We learn plenty about Agatha when you go back and look. We see a lot of how she works and about her magic. And the most important thing is, she is envious of Wanda's magic, and she has this ability to take magic from other witches. So, that's what she's there to do. "This is wasted on Wanda; she doesn't appreciate it, so give it to someone who knows what to do with it."

With Evan Peters being cast, I 'm sure that there had to be a ton of secrecy around that. Talk to me about how that even came about, because that's such an amazing callback to the Fox characters.

First off, he's a great actor, and he is a huge asset to any project that he's in. He can do anything, which is what is true of Kathryn Hahn, Teyonah Parris, and Lizzie and Paul, and everybody in this cast.We ask them to do crazy, bold, broad comedy, and also drama and action and all of this stuff. And Evan Peters can just do it. Regardless of the meta part of it, and the exploration of who he is now versus where he's been in the Fox universe - he's just a great actor, and we're so happy to have him.

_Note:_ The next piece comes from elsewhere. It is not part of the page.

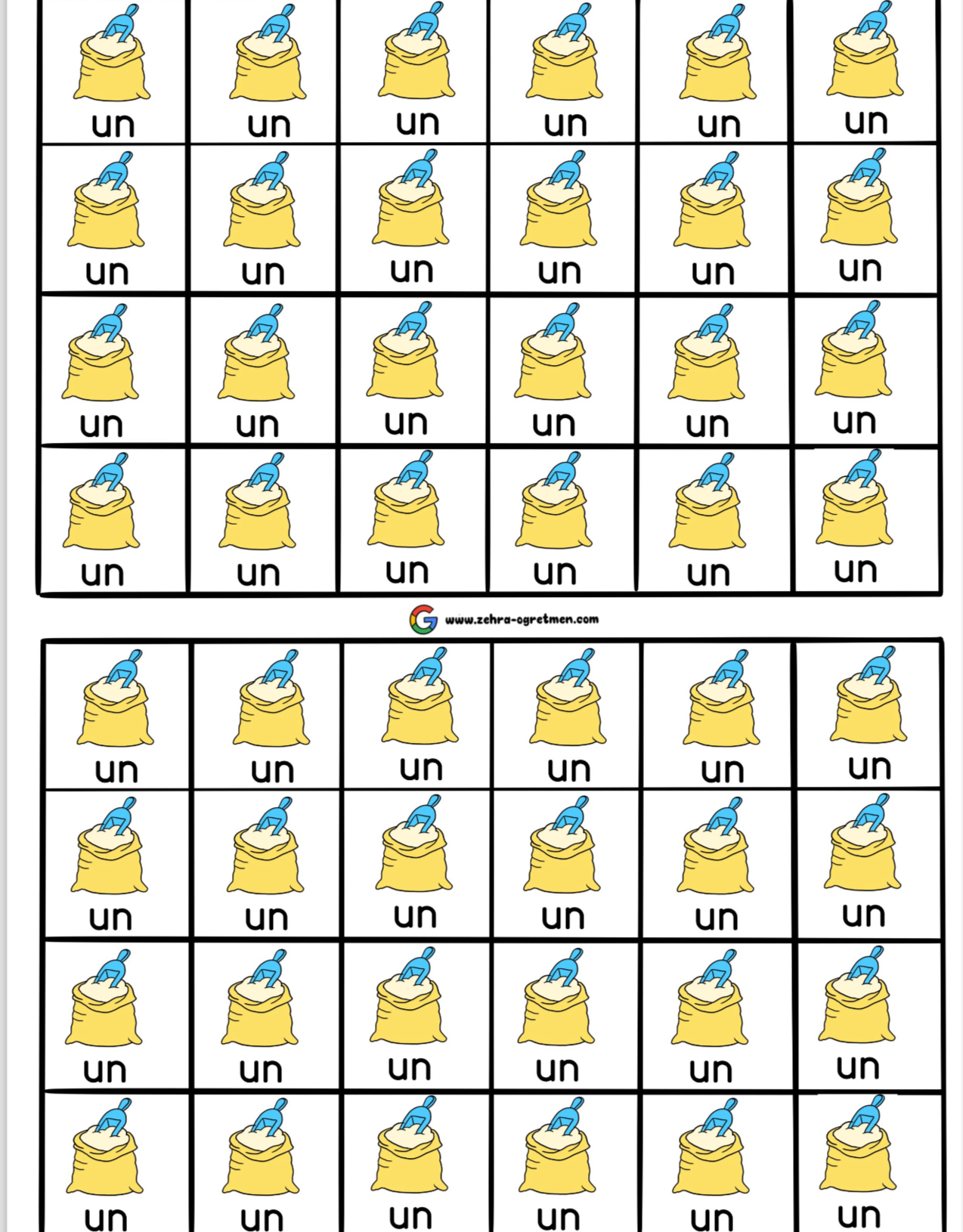 U Sesi Defter Dikte Görselleri ( 48 Öğrenci İçin RENKLİ)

Then it's also about Agatha wanting to mess with Wanda and trying to push her; find a trigger point, figure out a way to learn more about how this world was created, so she can figure out how she can take it. So, she sends over Fietro. It's another idea about grief, too, that you will see what you want to see when you're that lost. She so wants to see her brother that she's willing to accept someone who she knows in her heart is not. And then it's about knowing that you're living with a stranger over the next couple of episodes, the uncertainty that creates, and the drama that ensues from that was really interesting to us.

And then on top of it, as a show that was meta and was playing with meta, here was a chance to play with the sitcom trope of recasting. Just moving on boldly and saying, "Hey, it's Pietro. Okay, moving on." And that was fun for us too.

In the end, we answered who Ralph was. I'm sure if we had not answered who Ralph was, there would have been a lot of very unhappy fans as well. So, he was this poor guy living in this house at the end of the street, and Agatha moved in and gave him a new job.

Was he Jimmy Woo's witness?

Matt Shakman: Can't possibly answer that today. Stay tuned.

Monica's powers are realized but not yet fully defined for the audience. Were you given boundaries and parameters for the character?

Matt Shakman: Not really, just to explore a common precedent for her character and see what had been created for Photon/Spectrum/Captain Marvel, see how her powers had been used then and come up with our own version of it. Because this origin is different, and we see how what Wanda has created helps to create her.

That trip through the Hex boundary literally breaks her apart, which is very similar to what happens to Wanda too. There's a kind of death that happens to Wanda before she can be reborn as the Scarlet Witch. And it's the same thing for Monica; the radiation pulls her apart into a whole spectrum of different Monicas. And then she's also being confronted with her life flashing before her. We hear audio clips: she's confronting her grief in the same way that Wanda does, confronting her grief and her loss. And it's through that sheer force of will that she creates herself anew; that she pulls all those things in.

What she's doing is controlling the wavelength of energy. She's controlling the spectrums of energy, which is what she does. She aligns herself with that Hex; instead of being defeated by it, she controls it. She creates a path through, and she's then able to see the world anew.

Is she in full control of that yet? Not really. Does she know all that she can do? No, not yet. Not really. She's becoming; she's in the process of figuring out who she is, which is exactly what's happening with Wanda too.